That was my point ,maybe "strongarm" wasn't the correct way of saying it (however, when all of the BAs and stewards are saying "vote yes" to contract in 2007, that is a bit concerning)

I agree with the last part.
 

soberups

Pees in the brown Koolaid
The majority of UPS workers are part time, but they have been screwed over since 1982 because most of them do not get involved with the union or its elections. At contract time, UPS puts a certain amount of money on the table. Its the union that decides how that money is divided up.

If they chose not to get involved with the union or its elections, then they didnt get screwed over. Those who refuse to participate in the process have no right to complain about its outcome.

And while the union might decide the manner in which the money is divided up for a particular offer , it is a voting majority of the membership that decides whether to accept or reject that offer.
 

soberups

Pees in the brown Koolaid
For who?

That was my point ,maybe "strongarm" wasn't the correct way of saying it (however, when all of the BAs and stewards are saying "vote yes" to contract in 2007, that is a bit concerning)

I agree with the last part.

For those who are willing to take the time to vote, thats who.

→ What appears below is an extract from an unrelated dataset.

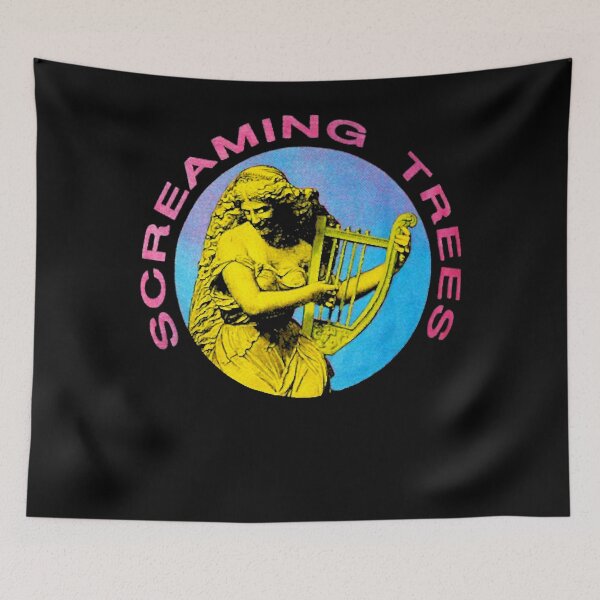 Item preview, Birthday Gifts Screaming Subpop Trees Gifts Movie Fans designed and sold by Montysonweiss75.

We get the contract that we are willing to vote for. More importantly, we get the contract that we are willing to go on strike for.

Contract negotiations are pretty much like a poker game, with each side trying to get maximum value out of the cards that they are dealt.
 

Catatonic

Nine Lives
I see by the last earnings report that we made 330 million a month profit last quarter. Looks like the high labor cost is really killing us.

When UPS Stock was owned by UPS Employees, an Operating ratio of 7 - 10 % was acceptable in good times and less when there was economic downturns.

Publicly Owned Corporations want more ... it's all about being a public company these days.
 

thessalonian13

Well-Known Member
UPS makes between $2.5 billion profit (on a bad year) to $4.5 billion (on a good year) in clean profit. When was the last time UPS had a losing quarter? I don't remember a losing quarter in the 20 years I have worked for UPS. Give backs? NO WAY!!!!! I expect a reasonable contract that is both good for the company and the workers. Why are people offended when the little guy makes a descent living and not offended when the suits at the top make millions even when the companies lose money?
 

22.34life

Well-Known Member
The hourly wage for a FT driver who has gone through progression will be approx. $32/hr by the time 2013 rolls around. This puts our base earnings at $66K, not including overtime or benefits. It is no secret that we are well compensated for a job that does not require more than a high school diploma. It is also no secret that our job is demanding with little tolerance for error. UPS is a mindset unlike any other non-military job that I have ever held.

The following is my opinion only but I think the word that we will all need to get used to hearing in 2013 is concession, whether it be a wage freeze or whether we will begin paying for a portion of our healthcare. We have got to control our costs and our labor costs put us at a distinct disadvantage when we try to secure new volume or keep our existing volume. I would personally prefer a wage freeze over paying for healthcare but fear that we may see both. I would also not be surprised to see a two-tiered wage system proposed. I also fear that 2013 will make 1997 seem like a minor disagreement amongst family members. One of the advanatages the company will have is that the recent DIAD upgrades will make it much easier to simply hand the DIAD to a replacement driver with minimal service disruptions.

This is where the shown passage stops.